You recently wrote a book where you discuss the intricate world of pediatric medicine and how to involve the parents and engage with them as members of the care team. Can you discuss this idea?
I want to empower parents and families to really understand and access the pediatric expertise that is available to them. In my book, I included a section with tips for helping parents to find the best care for their children, including making a plan ahead of time for what to do in an emergency.
Parents are their children’s best advocates, and if there’s one thing I’ve learned in my 30 years at Children’s National, it’s that you always need to listen to what a parent is trying to tell you. They know their child best, and should be included as an active part of the care team. Truly great doctors and truly great hospitals are listeners. They’re taking all possible information in and then coming up with solutions together. There’s so much value a parent’s intuition and what they know about their child, it can add critical detail about the care to deliver.
What are some ways you see health IT advancing pediatric care in the future?
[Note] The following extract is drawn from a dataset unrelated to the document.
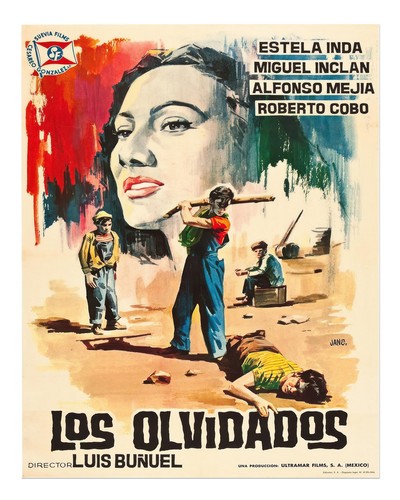 Klassisches filmplakat - klassisches,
Technology can improve access to the care that families need, when they need it. Telemedicine is one example: we can connect pediatric psychiatrists and psychologists, for example, to patients in remote or underserved areas where these pediatric experts aren’t nearby to provide care and consultation, even when we can’t physically be in the room with them.
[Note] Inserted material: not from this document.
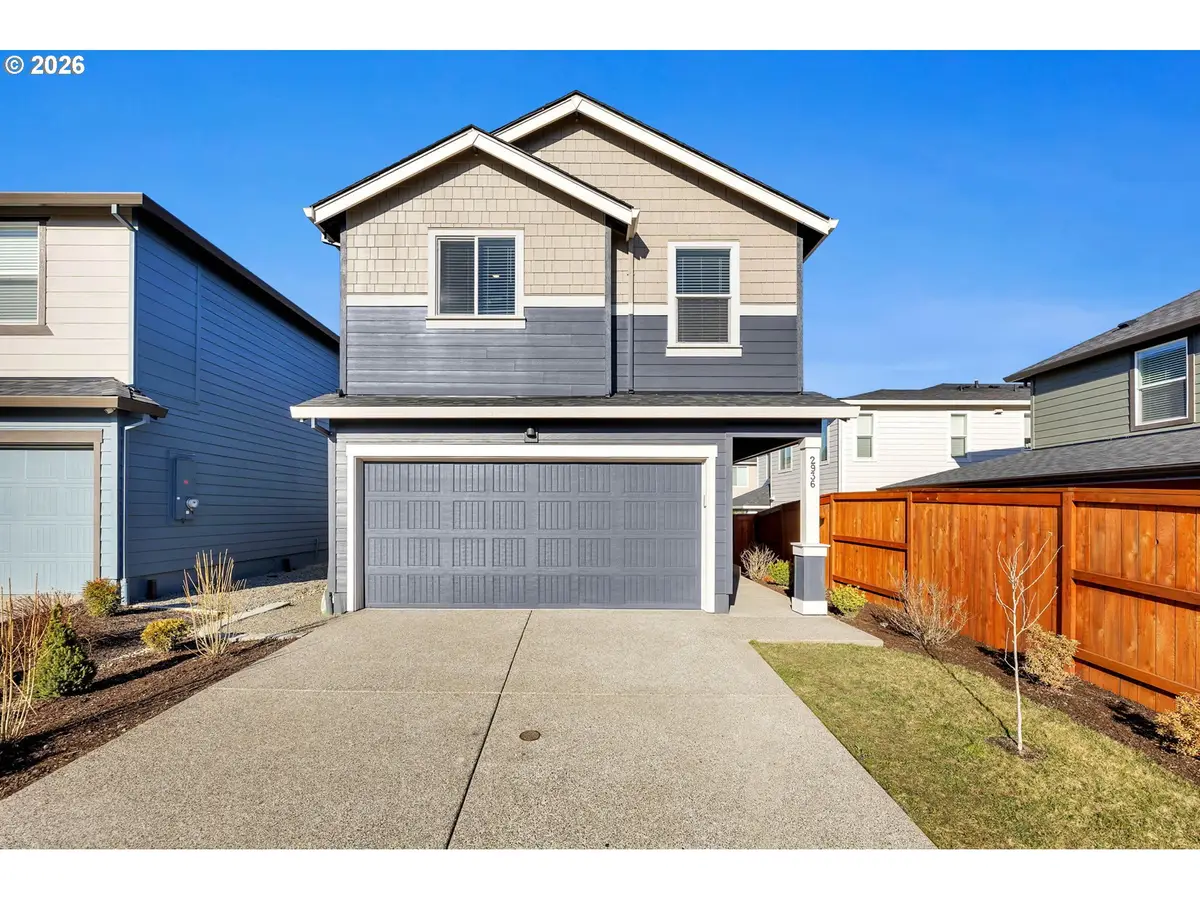 2936 N 3rd Way, Ridgefield, WA 98642 - #1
Another thing we do need to do better – and I think this is something that we’re working on in the Bear Institute – is to change how doctors and nurses work with electronic health records, to make sure the digital workflow helps them accomplish their tasks, not adds to their workload. It’s exciting to be part of an institute where people come together with great ideas and continually solve problems just like this.
One of our trauma doctors came to me and pointed out one specific challenge during pediatric resuscitation in the emergency department. The right team is there, and everyone is focused on the sick child and doing the right thing. But it was really hard to focus on doing the right thing and documenting everything at the same time. So the Bear Institute developed an application for our emergency department: a trauma app that takes the entire nursing documentation workflow and digitizes it.
The app allows the team to focus on getting the best outcome for the child, without worry that critical information is getting lost. Even better, later, the team can look back at what happened in the heat of the moment to identify how to get better for the next trauma.
There are so many new ideas out there now--things we didn’t think were possible a few years ago--like breakthroughs in immunotherapy and robotics. These ideas moved so fast, some of them are already becoming part of our daily practice. I think we’re going to see even more of this in the next couple of decades, especially in pediatric medicine.
Since Children’s National was founded 150 years ago, we’ve always been the first in line to care for every kid who needs our help. We’re still doing that, but we’re also working to create better tools, more science, and more technology to help us do it better. At the heart, it’s the same passion and mission as it was 150 years ago: to help kids grow up stronger, no matter what.